5CAPture-seq: a method for enriching full-length cDNA and identifying 5′ capped nucleotides

Current transcriptomic methods for mapping 5′-ends of eukaryotic RNA employ only 5′-end enriched samples. The absence of a matched unenriched control limits the ability to distinguish genuine 5′ ends from incomplete cDNAs. We developed a transcriptomic method based on sequencing of cDNA enriched for full-length fragments and an unenriched control. From the mapped sequence reads, enrichment scores are calculated for all transcribed nucleotides and a statistical model of the enrichment constructed. We tested the method in the human malaria parasite Plasmodium falciparum. Data were obtained from ring, trophozoite and schizont stages of the parasite intra-erythrocytic development cycle. Two groups of 5′ capped nucleotides were assigned by unsupervised clustering. The first group contains sites located mostly outside of annotated protein-coding exons in regions of high local nucleosomal occupancy, but low occupancies of ribosome and elongating RNA polymerase II. The majority of sites in the second group are intra-exonic and show different patterns, most notably a peak of ribosome occupancy centered on the 5′ end position and a biased representation among codons possibly prone to ribosome stalling. Our method can be used to annotate 5′ capped nucleotides, including intra-exonic nucleotides that can be distinguished from incomplete cDNA artifacts.
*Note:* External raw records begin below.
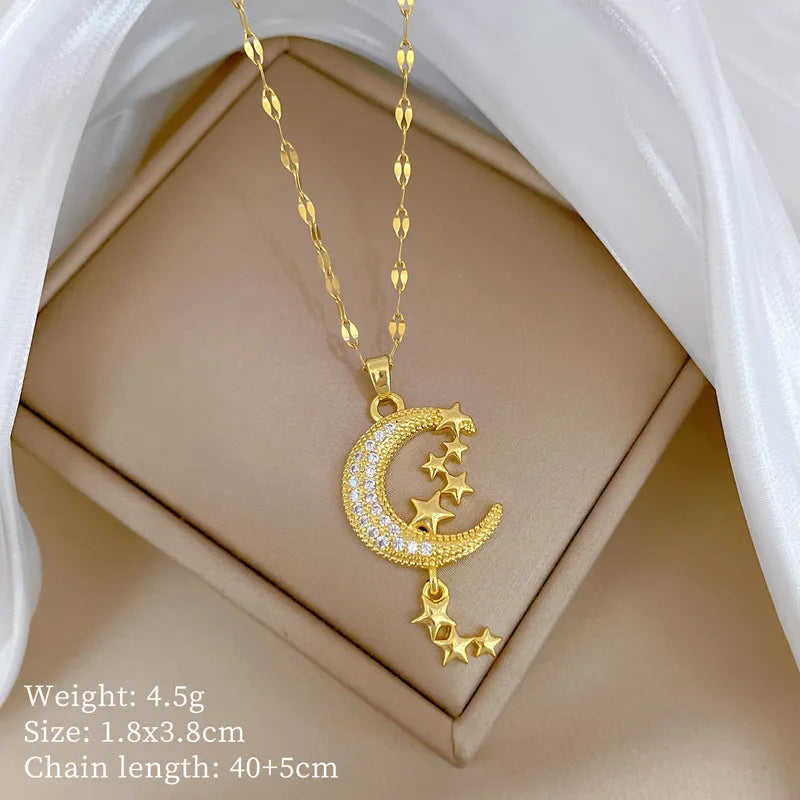 Moon pendant necklace with diamond accents and tassel on stainless steel chain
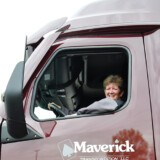 Liz Imel has driven for Maverick Transportation since 2012. She started out hauling refrigerated trailers; but when the company sold its refrigerated division, she moved over to hauling boats on flatbed trailers. (Hannah Butler/The Trucker)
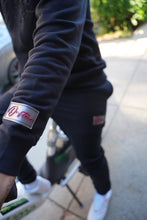 Load image into Gallery viewer, "THE PLANE JANE STAPLE SET FW 26/27" HOODIE (BLACK W/ BLACK)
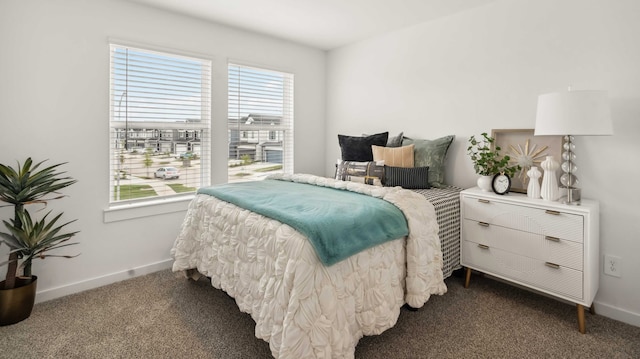 bedroom with dark colored carpet and baseboards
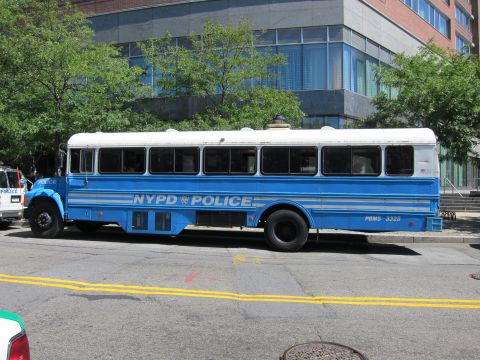 1991 Ford LTD Crown Victoria - Side view of a blue and white NYPD Police bus lettered PBMS 3328 parked along a street in front of an office building.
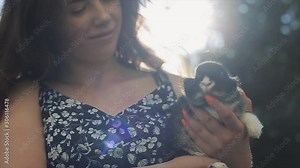 Pretty young girl standing in the sun with a little rabbit in her hand. Close portrait view. The wind blowing girls hair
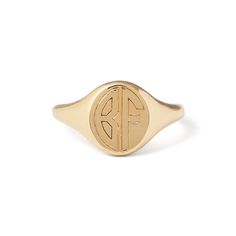 The Story Fashioned in the classic signet ring shape and style, it delivers maximum impact with its minimalist, sleek design. Our expert jeweler then hand engraves two letters of your choice in a chic Art Deco inspired open font. With its smooth all-around form, it fits the finger perfectly making it like a second skin that you never want or have to take off. Wear it as an index ring to a pinky ring, it looks great on every finger. Available to custom order in 14k yellow, white, and rose gold in Luxury Oval Signet Ring For Everyday, Classic Engraved Monogram Ring For Everyday, Classic Monogram Engraved Ring For Everyday, Everyday Luxury 14k Gold Signet Ring, Modern White Gold Oval Initial Ring, Modern Oval Engraved Ring, Classic Formal Initial Ring Tarnish Resistant, Luxury Polished Initial Open Ring, Luxury Initial Open Ring With Polished Finish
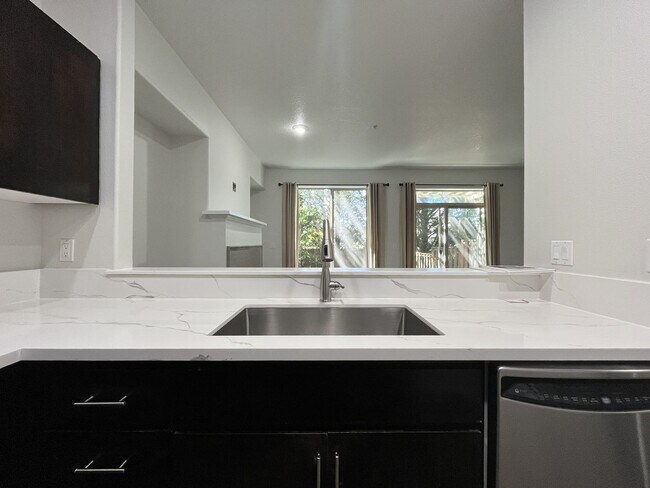 Building Photo - Beautifully Updated Bethany Townhome with Private Backyard and Modern Finishes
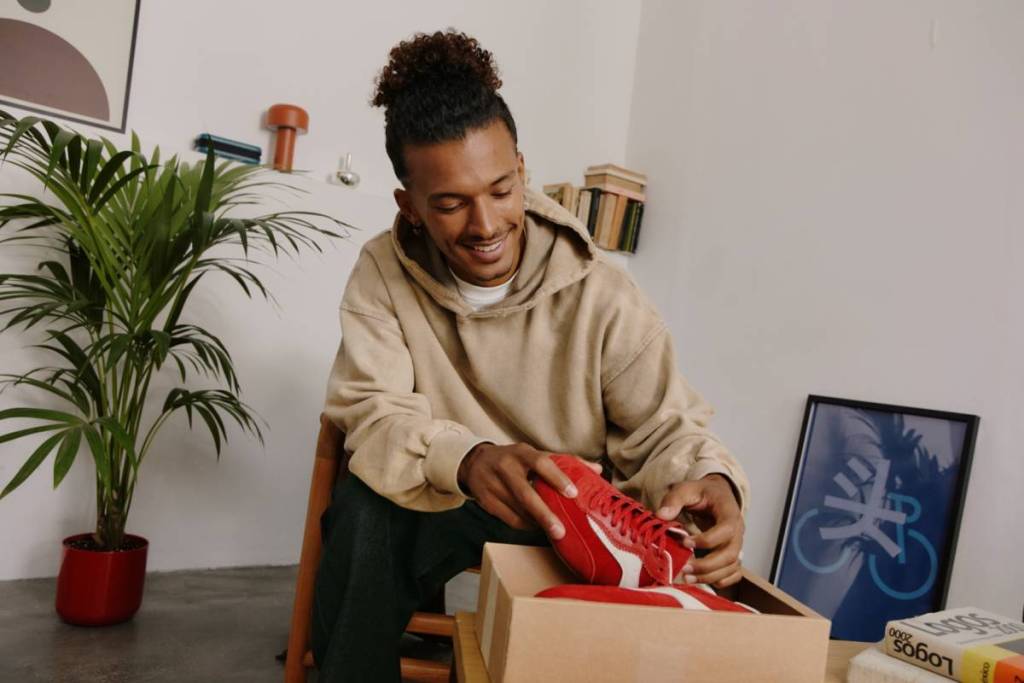 man receiving sneakers that he bought on Vinted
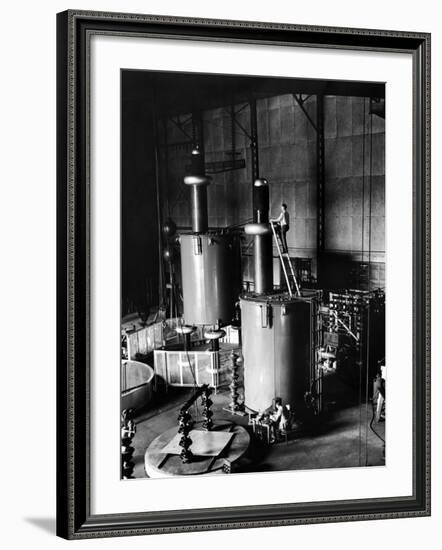 Large Cylinders, One W Man on Top Climbing Ladder at Westinghouse Plant-Alfred Eisenstaedt-Framed Premium Photographic Print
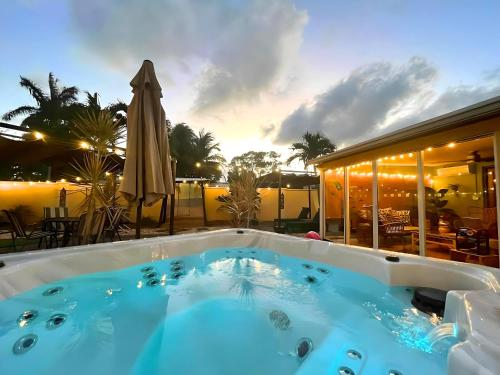 a large hot tub in a patio with an umbrella at Fun Getaway: Hot Tub, Tiki Bar, Arcade Room in Hollywood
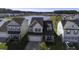 Aerial view of houses with lake in community at 415 Snowy Plover Ln, Summerville, SC 29486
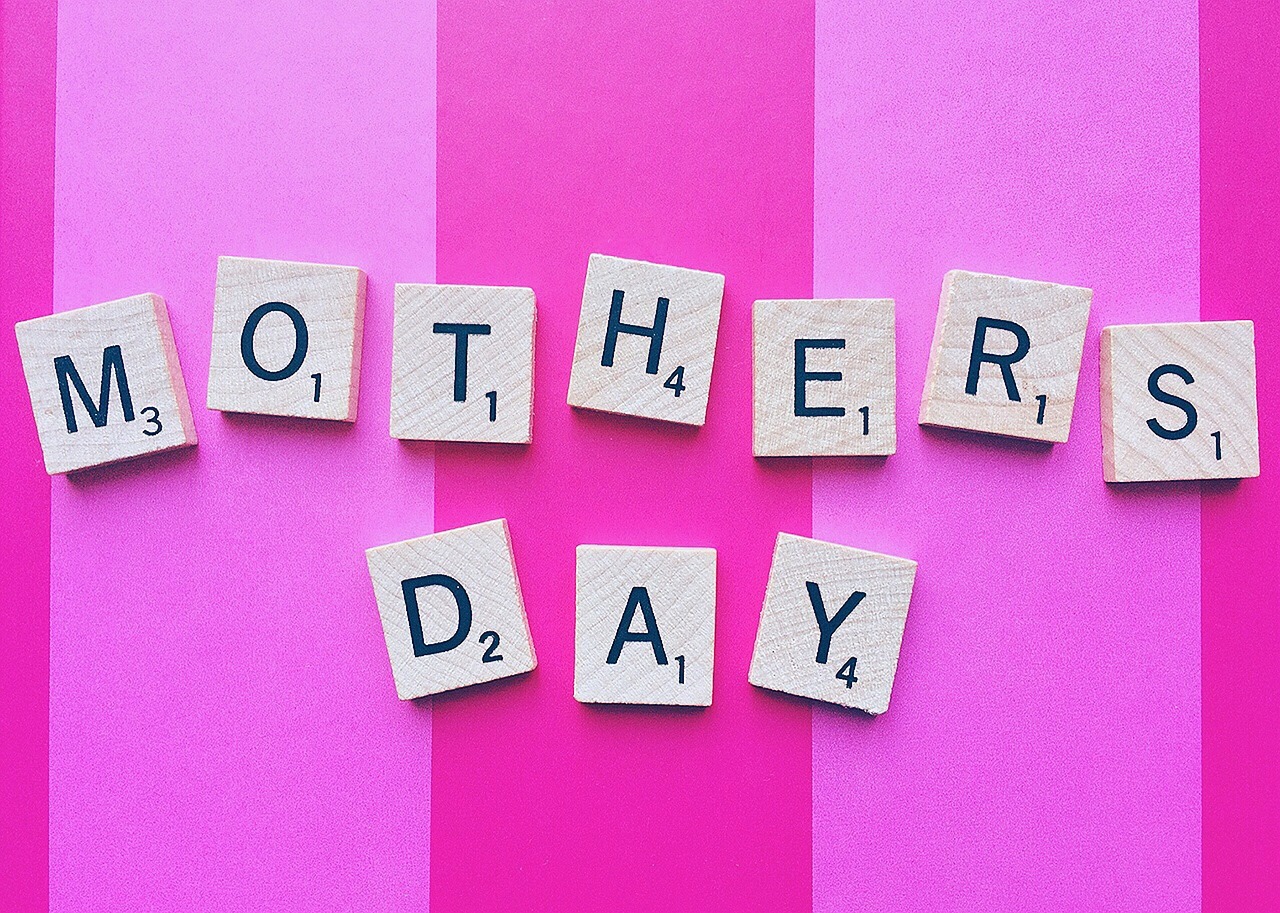 Scrabble tiles spelling Mother's Day against a pink striped background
Total RNA was extracted from synchrononous cultures of Plasmodium falciparum. Parasites were harvested at ring, trophozoite and schizont stages. Two independent cultures were performed. cDNA from each RNA sample was synthesized and split into two pools. One pool was enriched for full-length cDNA, whereas another was processed as an unenriched control sample. Enriched and unenriched cDNAs were converted to Illumina sequencing libraries for transcriptomic sequencing.